Department of What Being Married to Me Has Done To Him

I was informing MH of my upcoming schedule in the 1.5 days we have before we travel again, this time, to attend a family wedding. When I told him I planned on treating moiself to a pedicure, MH wondered aloud if that meant my feet would be subject to the ministrations of a pedifile?

Wanna see my BIG toe, little girl?

Wanna see my BIG toe, little girl?

*   *   *

Previews of Coming Attractions

While attending the Harvest Festival of Manzanita’s Community Garden, MH and I signed up for a trial paddling session with the Nehalem Bay Tiderunners, a local branch of the Wasabi dragon boat paddling club of Portland.  Newbies interested in learning about dragon boats joined the Tiderunner veterans in paddling a dragon boat up and down the Nehalem River one cool/gray Saturday morning.  I wish I had a picture of the curious seal whose bobbing head followed the boat during several practice runs.

The dragon boat paddling stroke is different from the kind of paddling one does in the recreational kayaking I have been doing for years.  The technique reminded me of when I participated in the Disneyland Employee Canoe Races, all those years ago.

MH and I had so much fun we stayed for a second session. I’d been considering joining a dragon boat team ever since I first saw several teams practicing in the Willamette River, but I’d always had scheduling conflicts with the various teams’ practice schedules (plus, there’s the drive to Portland and back).  This year, with the looming sabbatical travel, I didn’t want to make any kind of commitment I could not keep…. but when my schedule calms down, I’ll try to find a boat crew that will accept me. You have been warned.

dragonboat

*   *   *

Department of Trying To See Who’s Paying Attention

MH alerted me to an upcoming volunteer opportunity at the Jackson Bottom Wetlands Preserve.  We both separately filled out online volunteer application forms for the event. The form’s first blanks requested first name, middle name, and title.  The form’s title options consisted of  Dr., Jr., Mr., Mrs., Ms., None, Sr.

Harumpf.  There was no option for me to choose or write in my preferred title: N.a.D[1]  Mature person that I am, I accepted the slight. There was, however, a fourth name-related blank: “preferred name, (nickname, etc).” All righty.  I typed, Boutros Boutros Ghali.

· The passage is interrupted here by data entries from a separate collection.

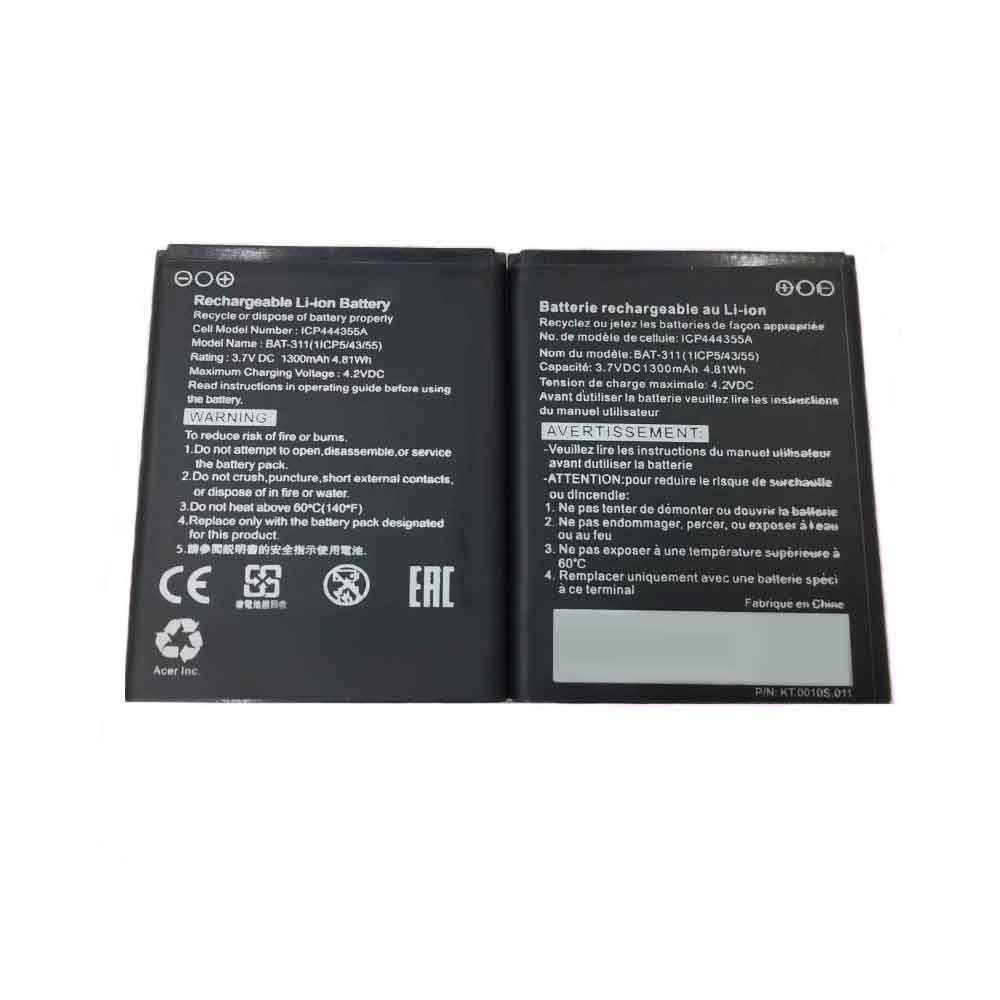 3.7V 1300mAh BAT-311 Smartphone Battery for Acer Liquid Z200 Z220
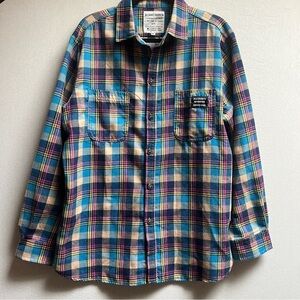 All Saints Warrior Blue and Yellow Plaid Cotton Shirt Sz XXL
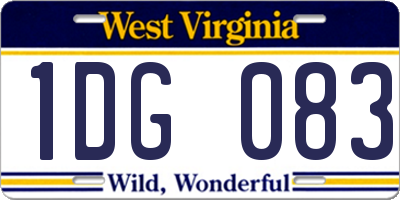 WV license plate 1DG083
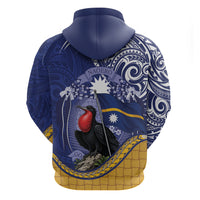 Magnificent Frigatebird Nauru Hoodie Pandanus Weaving Polynesian Pattern LT14 - Polynesian Pride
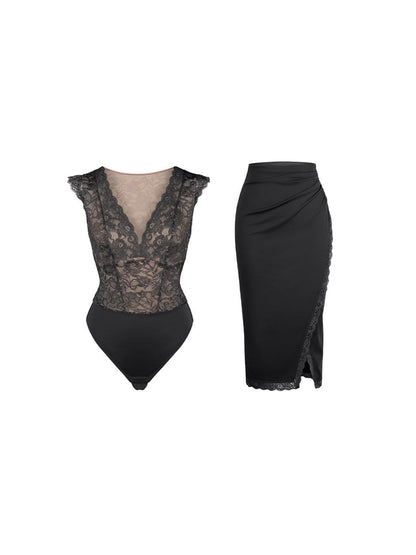 NOORÉ – Lace Bodysuit of Skirt
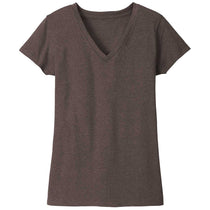 District Women's Deep Brown Heather Re-Tee V-Neck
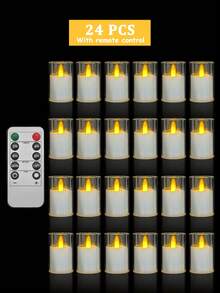 6/12/24pcs Flickering Flameless Candles With Timer And Remote Control, Battery Operated LED Wishing Candles, Smokeless And Odorless, Suitable For Christmas, Halloween, Valentine's Day, Proposal, Wedding, Party, Gift Giving - Transparent-warm Light - View 11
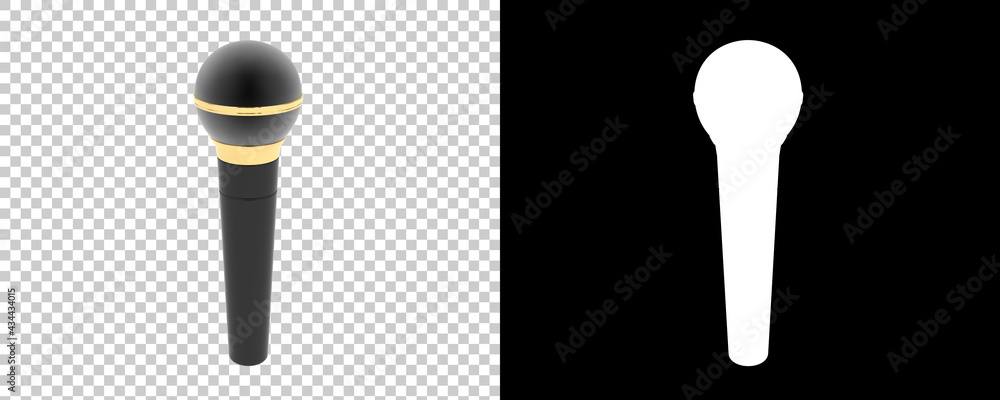Aufkleber mike isolated on background with mask. 3d rendering - illustration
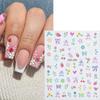 6 Sheets Embossed Flower Nail Art Stickers Colorful Daisy Nail Stickers 5D Self-Adhesive Heart Butterfly Nail Design Decals Cartoon Animals Floral Leaf Nail Decals for Women Girls DIY Nail Supplies view 2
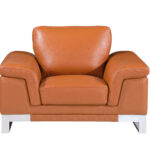 Three Piece Camel Italian Leather Six Person Seating Set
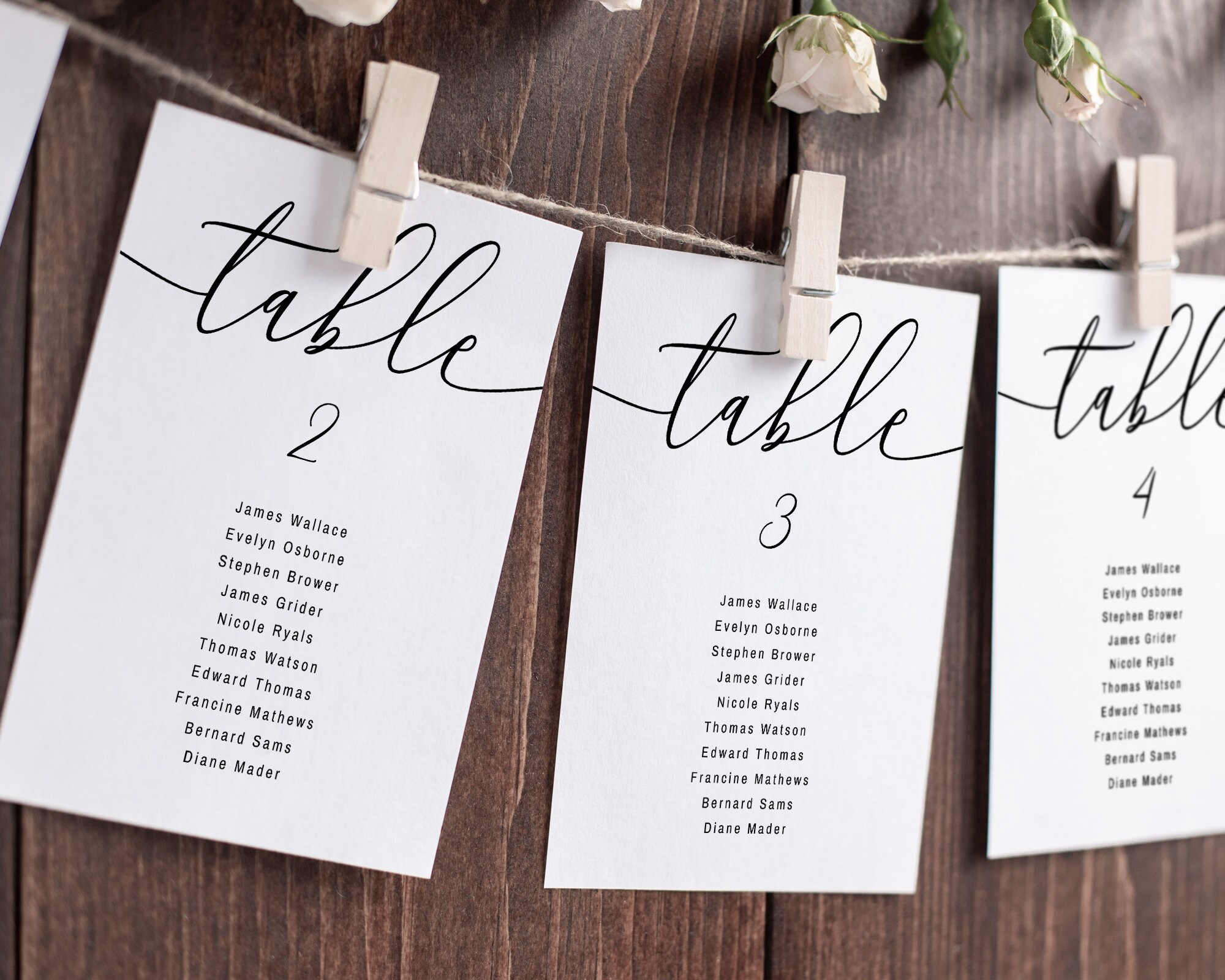Card For Setion Layout Modern Seating Chart Card, Elegant Seating Card Template, Instant ...
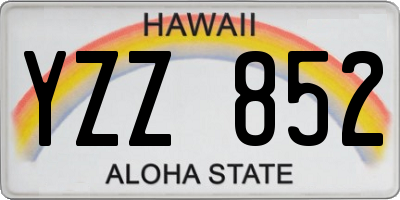 HI license plate YZZ852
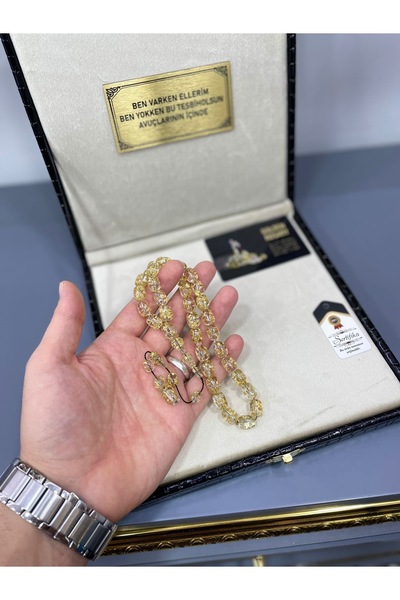 ANP MODA TASARIM Özel Yazılı. Özel Kutulu 24k Altın Parçacıklı Tesbih Erkek Hediye Sertifikalı Kişiye Özel Isimli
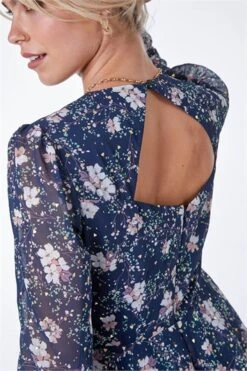 Navy Floral Print Frill Detail Midi Dress -Outlet Modi Qube Store 5d6c54e7 f0e1 4b45 bc77 b5205e3c98c0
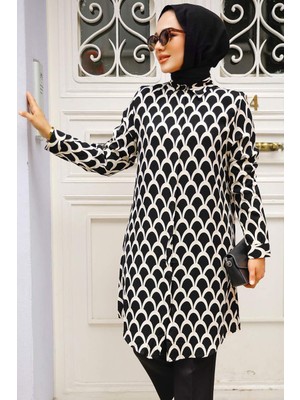 Neva Style Desenli Siyah Tesettür Tunik 11686S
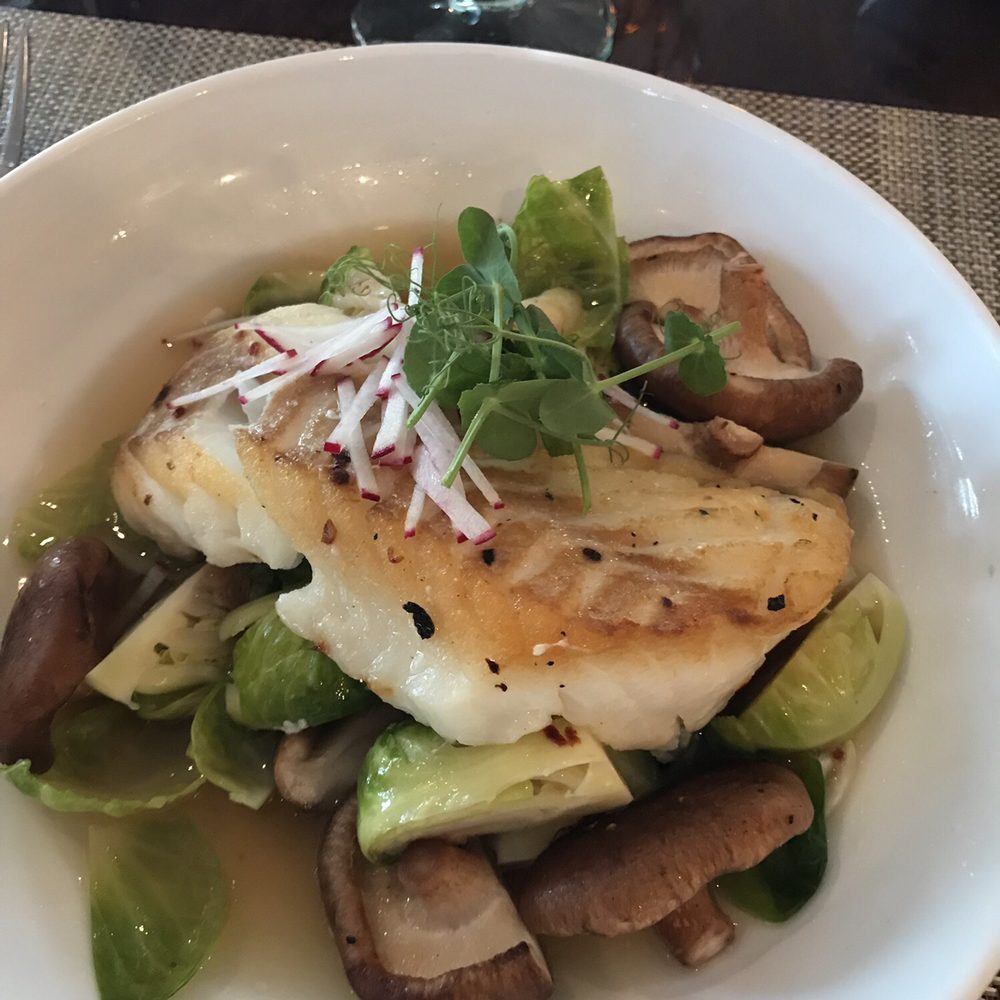 The Dunes - Roasted Cod with Broth, Mushrooms, Brussel Sprouts - New American Near Me - Edgartown, Massachusetts The Dunes - Roasted Cod with Broth, Mushrooms, Brussel Sprouts - New American Near Me - Edgartown, Massachusetts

A couple of days after completing our application forms, MH and I received identically worded emails – except for the salutation –  [2] from the Volunteer Coordinator. Here was mine:

Hi Boutros Boutros Ghali,
Thank you for volunteering at the Jackson Bottom Wetlands Preserve....

*   *   *

Just Because…

Oui, c'est vrai, je suis belle.

Oui, c’est vrai, je suis belle.

 Sometimes we all need to look at a proud & pretty Parisian Pigeon.

*   *   *

May your paddling stroke efficiently propel the dragon boat of your heart (sorry; I’ve been refining my treacle-laden wedding toast), [3] and may the hijinks ensue.

Thanks for stopping by.  Au Vendredi!

 

 

[1] Which stands for, Not a Doctor.  You knew that, I know you did.

[2] His began, Hi _____ (his first name). Can you believe that?